Shitty Movie Sundays All-Star Wings Hauser has one of the best 1980s action flick character introductions in Deadly Force, from 1983. Viewers first see him on the gritty streets of New York City, playing a game best described as ‘rat roulette.’ Next, he’s drunkenly tickling piano keys in a bar, not without some competence. Then he’s a passenger in a speeding cab driven by none other than Estelle Getty. Finally, with complete disregard for his personal safety, he talks a distraught suicide bomber out of blowing up himself and everyone around him. And he does all of this before he hops on a plane to Los Angeles, called west by an old friend, Sam (Al Ruscio), whose granddaughter has fallen victim to a serial killer.
Houser plays Stoney Cooper, a former LAPD detective tossed off of the force some time back. He didn’t just leave his job behind when he fled to New York. He also left behind a hostile police force, a wife, Eddie (Joyce Ingalls), and an unhappy gangster in Ashley Maynard (Arlen Dean Snyder), who would like nothing more than to see Stoney’s head on a spike. Stoney didn’t want to return to Los Angeles, at least at that moment, but the local detectives weren’t making headway on the killings.
Stoney, with Sam in tow, works the town. He rousts old informants, visits dive bars and slum businesses. He pulls whatever favors are still owed him. Meanwhile, the killer, played by Hollywood stunt man Bud Ekins, continues to pile up bodies. The killings seem random, but within all the noise Stoney finds a tenuous connection to Soledad State Prison, and the case begins to come together.
Meanwhile Eddie, a TV news reporter, is working on a story involving a self-help guru named Joshua Adams (Paul Shaner). Adams is one of those slimy characters that an audience knows is trouble from their first frame on screen, but who charms and cajoles every character
they meet. Just his presence in this movie telegraphs involvement with the killer. There is a conspiracy of some sort afoot, and Stoney has to figure it out before he, and his wife, are killed.
This movie is pretty straightforward neo-noir fare. The plot could have been used in crime flicks from the 1930s up until today. The formula was figured out long ago. This is a film of its time, though. As much as fans of noir can pick out this flick’s influences, fans of ’80s thriller and action flicks will also notice much shared DNA with more polished and refined contemporary films.

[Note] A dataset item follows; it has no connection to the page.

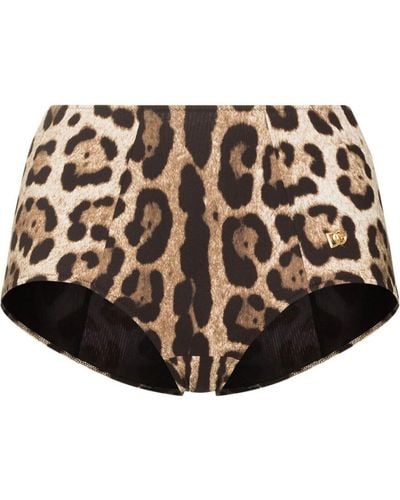 Dolce & Gabbana Bragas de bikini con estampado de leopardo - Negro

The title is very 1980s. Deadly Force. It’s short and to the point, and is the kind of film in which one would expect to see Chuck Norris or Steven Seagal. Other than the serial killer, though, there is not much deadly force to be had in this flick until the final act. Most of the trouble Stoney gets himself into is the fisted variety. When he’s not beating up on punks and thugs, he’s getting beaten. That subplot with gangster Ashley Maynard is responsible for most of the action fodder until denouement, but once it becomes time to resolve the main plot, the subplot is tossed away with a car chase. See, the killer is sneaky and unknown to Stoney, and that just isn’t good for an action flick, so Maynard and his henchmen had to carry the load until the main plot was ready for true shenanigans.
Since there is so much that is familiar within the plot, this film becomes a character study of Stoney, care of Wings Hauser. If one is fine with dysfunctional detective clichés and Hauser’s native snark, that’s just fine. But this film does live and die on Hauser’s personality, and he is not for everyone. He plays Stoney as an oaf, an orangutan, a more handsome Jeremy Clarkson, who takes in the world around him and crushes it into his own worldview, regardless of reality. And it works for Stoney because no matter the trouble he gets himself into, he always comes out ahead.
Fans of Wings Hauser, rejoice. This is a fine example of his work. Fans of shitty ’80s action flicks, rejoice, although with less fanfare. It’s all very rote, but still fun. Deadly Force slots into the Watchability Index at #164, taking over from Grizzly.